Peu à peu, Ricci est perçu par les Chinois lettrés comme un transmetteur du savoir encyclopédique de l'Occident. En 1601 il se fait inviter à la cour impériale de Pékin, en tant qu'ambassadeur des Portugais auprès de l'empereur Wanli, porteur d'une épinette, d'une mappemonde et de deux horloges à sonnerie. L'empereur l'autorise enfin à venir s'établir à Pékin à proximité de son palais et à y construire une résidence et une première église catholique. Tous ses frais sont pris en charge par le trésor public et, à sa mort, le 11 mai 1610, il a le privilège - jamais concédé jusqu'alors à un étranger - d'être enterré dans la Cité impériale. La Chine compte alors huit jésuites et 2 500 chrétiens.

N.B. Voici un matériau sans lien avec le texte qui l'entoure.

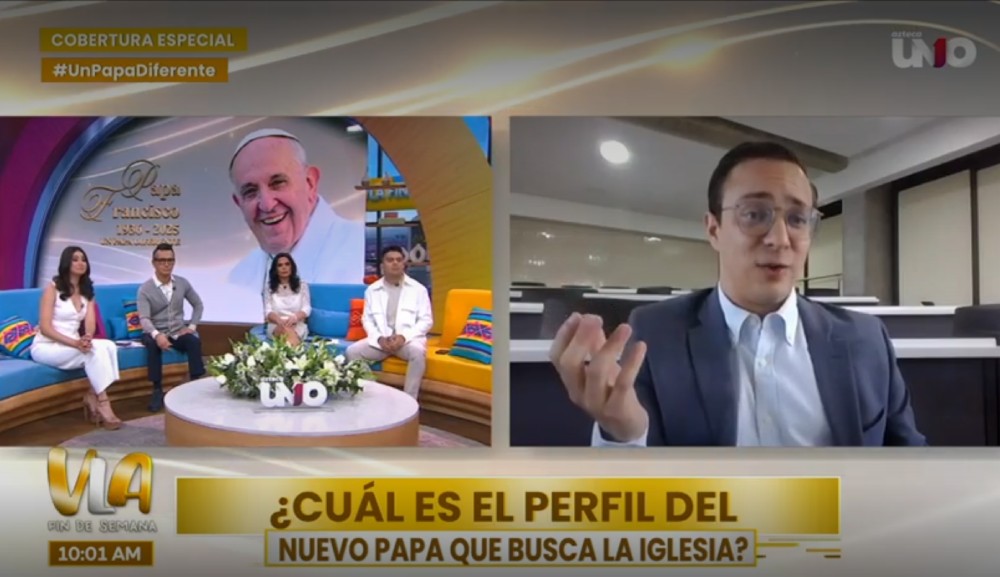 Profesor de la Facultad de Educación y Humanidades participa en el programa “Venga la Alegría”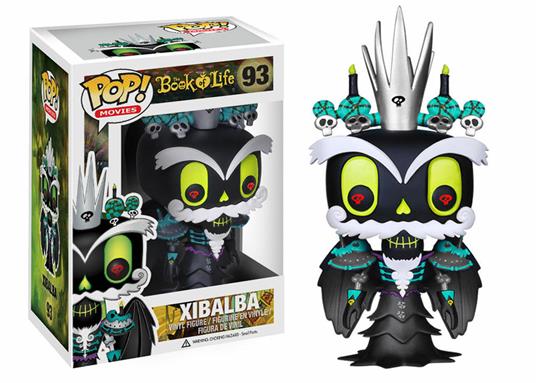 Bobble Head Pop Culture The Book Of Life King Xibalba Figure - 3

Ricci n'a pas lui-même accompli beaucoup de conversions, mais son rayonnement a entraîné les dirigeants confucéens vers un savoir de plus en plus pratique, et la plupart des grands lettrés garderont par la suite des contacts avec les jésuites. Ainsi la direction de l'Observatoire astronomique de Pékin et la révision du Calendrier chinois, achevée quelques années après la mort de Matteo Ricci, seront confiées aux jésuites qui poursuivirent son œuvre. La vaste documentation conservée dans l'ancien Observatoire astronomique de Pékin et l'inscription du père Matteo Ricci parmi les personnages les plus illustres de Chine témoignent aujourd'hui encore de la gratitude des Chinois pour la contribution apportée par le missionnaire jésuite et par ses confrères au progrès des connaissances humanistes et scientifiques dans leur pays. Et en 2010, les manuels chinois de mathématiques utilisent toujours ses travaux ! En France, son Histoire de l'expédition chrestienne au royaume de la Chine, suivie de la mission française à Pékin, ouvre la voie à ce qui deviendra la "sinologie".